Для православия в России характерна ситуация, когда обряд важнее человека, политическое и государственное важнее частного и личного. На вопрос, отчего это так, пытается ответить Сергей Фирсов (“Христианство в истории России” — “Вода Живая”, № 9), напоминая читателю и слова Петра Чаадаева о бесправии российского духовенства и нравственном одичании монахов, и утверждение Георгия Федотова о том, что Церковь была дорога не служением пастыря, а красотою обряда, с которым сросся кровно народный быт. В Древней Руси, пишет Фирсов, православный обряд подчинял себе практически всю жизнь: все важные события освящались в храме, календарь и распорядок дня во многом определялись годичным и суточным кругом богослужений. Кроме того, царская власть всеми силами стремилась себя сакрализовать, крайним проявлением чего стала концепция Москвы как Третьего Рима, согласно которой Московская Русь — единственное на земле православное царство, а русский царь — самый главный православный государь. Напротив, понятие о “естественном праве” человека, которое было известно в Западной церкви, совершенно не прижилось на Руси, чье христианство, по словам Сергея Фирсова, бесповоротно замыкалось на обрядах и церковности, опасалось новшеств и стремилось сохранить старину. Этот нездоровый консерватизм наиболее остро и ярко проявился в старообрядческом расколе. Затем началось разрушение всей этой структуры: форма отделилась от содержания, стала мертвой буквой, и это привело к тому, что Петровские реформы превратили Церковь в одно из государственных ведомств, а вера стала выражаться в своеобразном имперском чиновничьем православии, одинаково чуждом и простому народу с его двоеверием, и интеллигенции с ее скептицизмом. В результате, указывает автор статьи, к началу ХХ века фактически сформировалось два православия — официальное и народное. Плоды же этого разделения Россия пожинает и до сих пор: с одной стороны, у нас крепко засел в головах миф о “Святой Руси” и “народе-богоносце”, с другой же — для большинства людей православие почти утратило связь с христианством и превратилось в национальную и культурную традицию.
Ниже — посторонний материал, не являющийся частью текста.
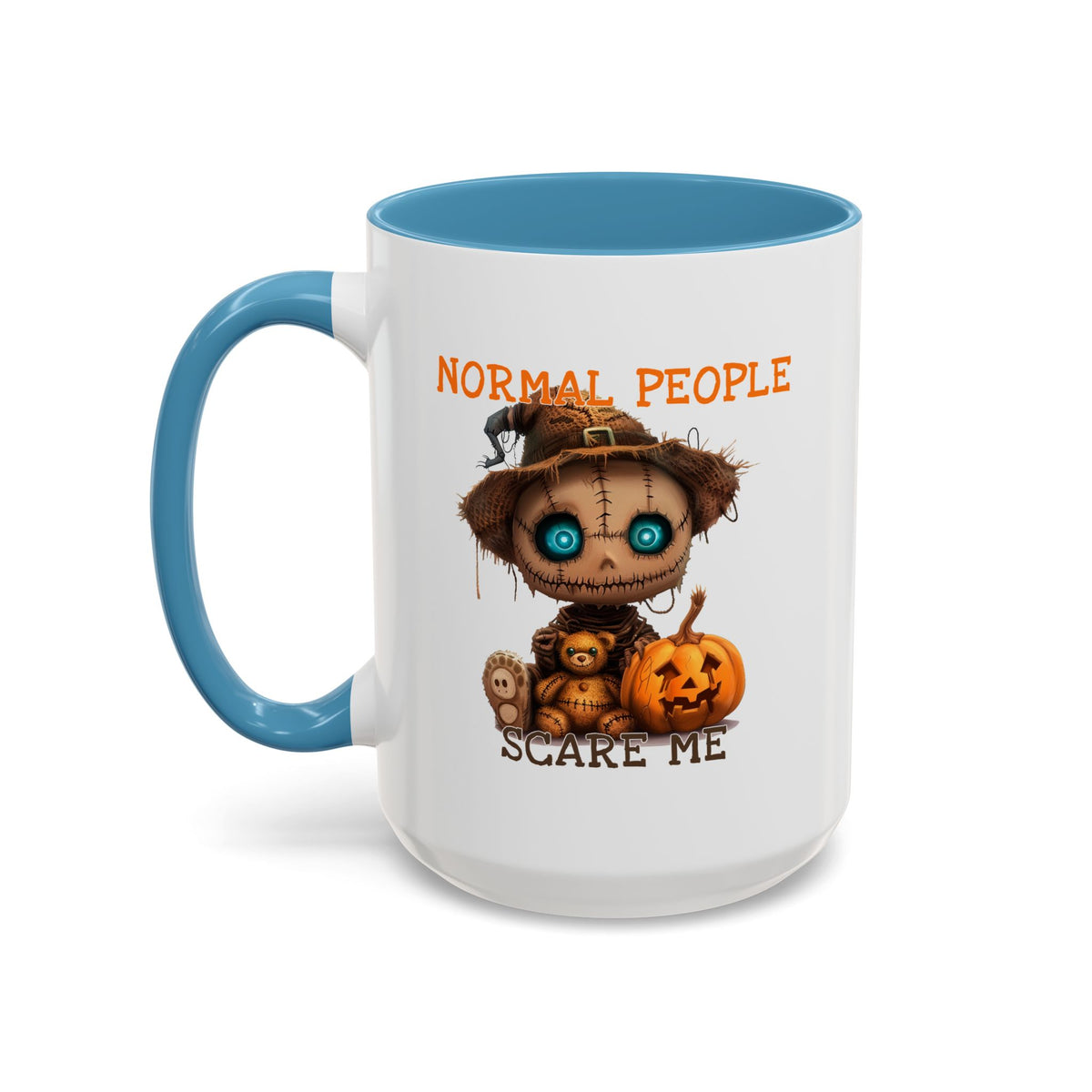 Humor Mug - Normal People Scare Me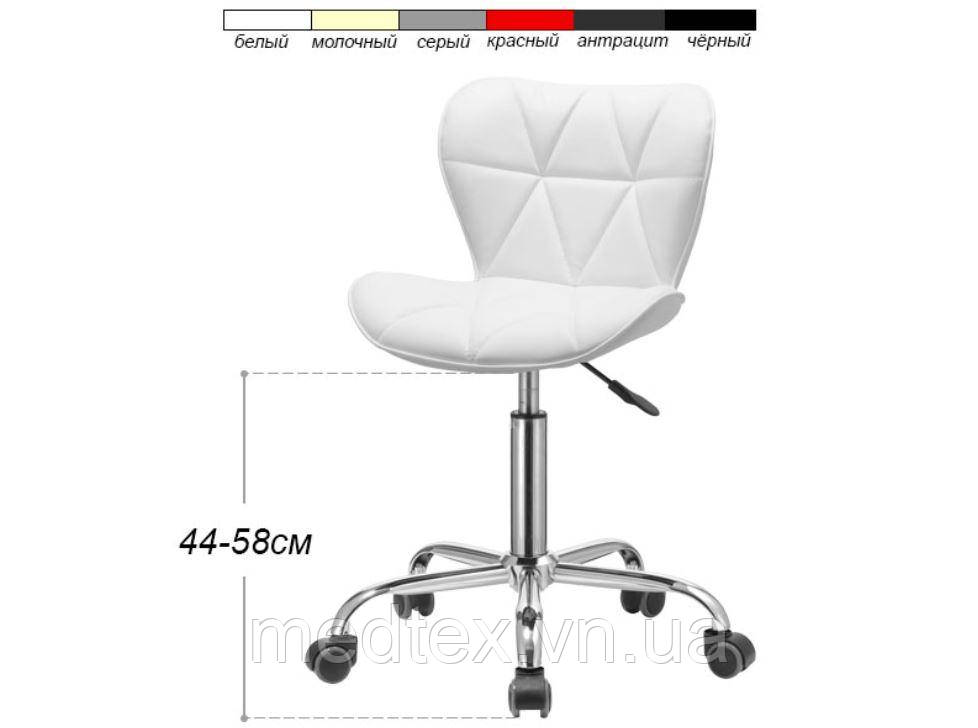 Стілець для майстра косметолога зі спинкою, фото 1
Бывают “детские вопросы”, на которые сложно найти ответ, поскольку они связаны с самой сутью явления. Один из таких вопросов: “Зачем нужно ходить в храм?” Сам факт появления подобных проблем свидетельствует о том, что люди не очень четко представляют себе, что же такое Церковь, замечает священник Владимир Хулап в своей статье “Созванная Богом”, (“Вода Живая”, № 9). Автор напоминает, что греческие и еврейские слова (ekklesia и galah), которые переводятся на русский словом “церковь”, обозначают сообщество созванных людей и подчеркивают приоритет активного действия Бога, Его спасительный призыв, на который в свободном согласии отвечает человек. То есть самое определение указывает на то, что “церковь” — это вовсе не здание, а составляющие христианскую общину люди. О. Владимир обращает внимание и на то, что для ранних христиан посещение собраний в общине было очень важно, так что они не хотели от них отказываться и под угрозой гонений. Причина такого отношения к молитвенным собраниям, по мысли автора, достаточно очевидна: ранние христиане рассматривали церковь не как клуб по интересам или место приятного общения, а как возможность деятельного ответа на призыв Христа. Сможет ли современная Православная церковь возродить в людях такое отношение к храмам и богослужению, необходимо ли оно в наши дни? На этот “детский” вопрос нет ясного и однозначного ответа…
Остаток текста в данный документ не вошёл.